Allowing fields to be empty
===========================

So far, every data item had an actual value and none of it was empty.
But what if for instance we do not know the date of birth for one of
our customers? Consider the following example data file:

.. include:: ../docs/include/customers_without_date_of_birth.rst

See: :download:`customers_without_date_of_birth.csv <../examples/customers_without_date_of_birth.csv>`

Two customers do not have a date of birth: Kenneth Tucker in row 4 and
Ester Newman in row 10.

Now try to validate these data with the same CID we used before::

  cutplace cid_customers_field_names_only.ods customers_without_date_of_birth.csv

This time the output contains the following lines::

  INFO:cutplace:validate "examples/customers_without_date_of_birth.csv"
  ERROR:cutplace:  customers_without_date_of_birth.csv (R4C4): cannot accept field 'date_of_birth': value must not be empty

The essential part here is::

  field 'date_of_birth' must match format: value must not be empty

When you describe a field to cutplace in the CID, it assumes that the
data always provide a value for this field.
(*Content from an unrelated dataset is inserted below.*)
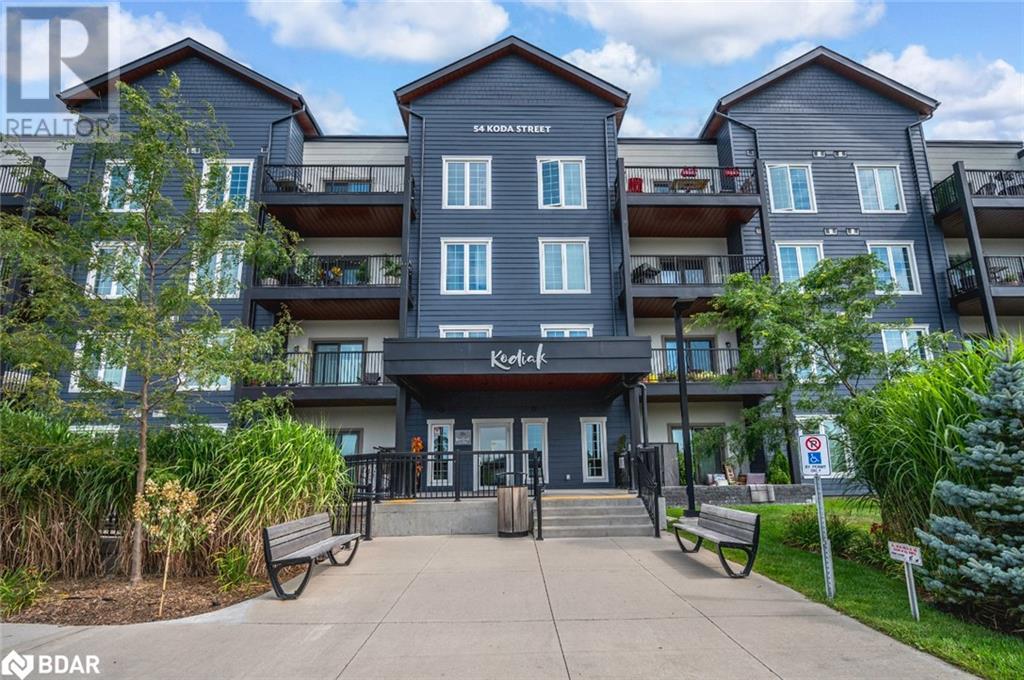54 Koda Street Unit 112, Barrie, ON L9J 0J6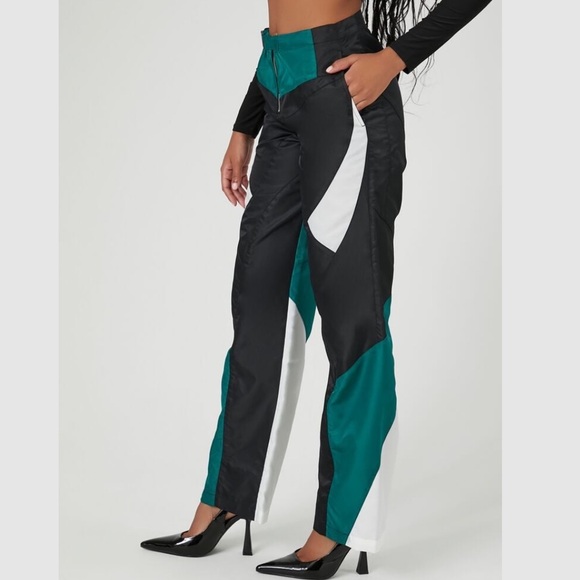 wide leg colorblock pants - Picture 3 of 4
Apparently this is not the
case with the data provided, so cutplace complains about it.

But what if there are actually customers we do not yet know the date of
birth yet? Not every business transactions requires the date of birth,
so this is perfectly valid.

So we have to tell cutplace that this field actually can be empty. This
can easily be done by adding another column to the field description,
where fields that can be empty are marked with an ``X``:

+-+--------------------+----------+----------+
+ +Fields              +          +          +
+-+--------------------+----------+----------+
+ +Name                +Example   +**Empty?**+
+-+--------------------+----------+----------+
+F+customer_id         +16        +          +
+-+--------------------+----------+----------+
+F+first_name          +Jane      +          +
+-+--------------------+----------+----------+
+F+surname             +Doe       +          +
+-+--------------------+----------+----------+
+F+date_of_birth       +1995-11-15+**X**     +
+-+--------------------+----------+----------+
+F+gender              +female    +**X**     +
+-+--------------------+----------+----------+

See: :download:`cid_customers_with_empty_fields.ods <../examples/cid_customers_with_empty_fields.ods>`

Now lets try again with the new CID::

  cutplace cid_customers_with_empty_fields.ods customers_without_date_of_birth.csv

This time, no error messages show up and all the data are accepted::

  INFO:cutplace:validate "customers_without_date_of_birth.csv"
  INFO:cutplace:  accepted 10 rows


Limiting the length of field values
===================================

Right now we allow the fields to have any length. But what if the data should be
processes by another program, which wants to insert the data in a database?
Every field in the database has a limit on how many characters it can hold. If
there are too many characters, the import will fail. And not always with an
error message that makes it easy to backtrack where the broken data came from.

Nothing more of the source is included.